• **Your instructions**:
Skip the pictures and write out, word for word, the lines below from the one with "Arvadının saçını keçəl qırxan ər HƏBS OLUNDU" through the one with "Цифровая Иллюстрация Человека", inclusive.

• **Records supplied**:
+---+
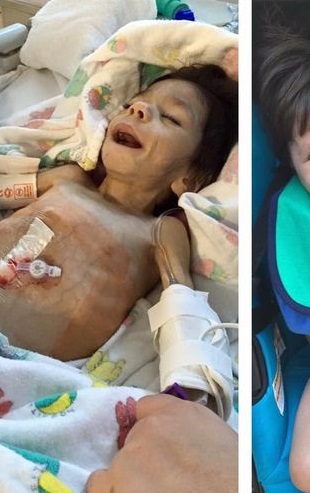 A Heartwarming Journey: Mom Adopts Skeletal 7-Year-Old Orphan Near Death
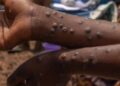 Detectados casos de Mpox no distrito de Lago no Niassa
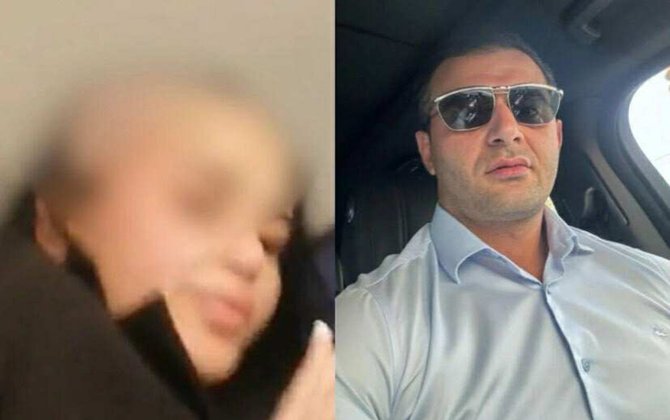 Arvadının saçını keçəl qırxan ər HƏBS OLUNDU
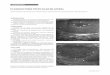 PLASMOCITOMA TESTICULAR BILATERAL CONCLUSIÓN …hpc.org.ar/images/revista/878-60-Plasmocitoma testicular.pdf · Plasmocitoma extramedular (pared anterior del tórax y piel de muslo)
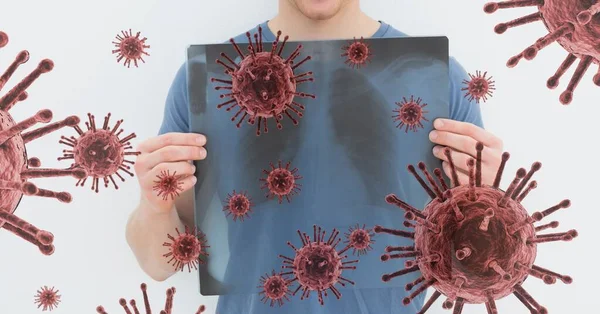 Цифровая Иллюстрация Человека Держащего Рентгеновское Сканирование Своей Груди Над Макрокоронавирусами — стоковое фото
+---+
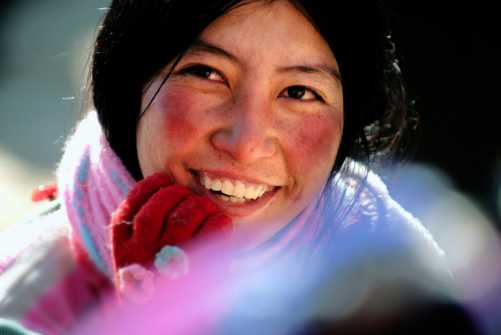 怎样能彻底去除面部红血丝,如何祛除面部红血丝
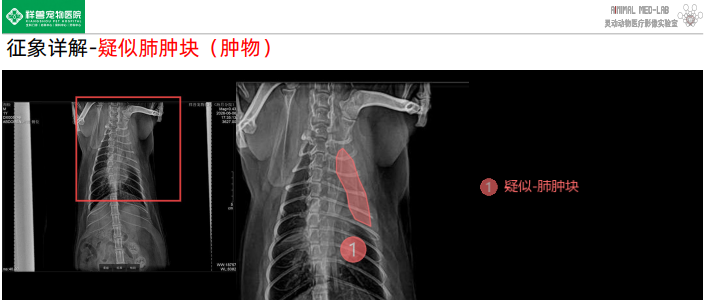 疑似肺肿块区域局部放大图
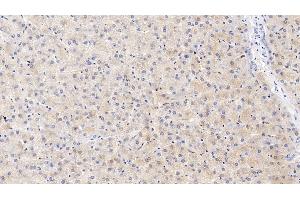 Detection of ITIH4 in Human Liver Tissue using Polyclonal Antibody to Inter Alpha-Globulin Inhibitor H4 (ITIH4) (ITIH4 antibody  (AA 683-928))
+---+
• **Response area**:
 Arvadının saçını keçəl qırxan ər HƏBS OLUNDU
 PLASMOCITOMA TESTICULAR BILATERAL CONCLUSIÓN …hpc.org.ar/images/revista/878-60-Plasmocitoma testicular.pdf · Plasmocitoma extramedular (pared anterior del tórax y piel de muslo)
 Цифровая Иллюстрация Человека Держащего Рентгеновское Сканирование Своей Груди Над Макрокоронавирусами — стоковое фото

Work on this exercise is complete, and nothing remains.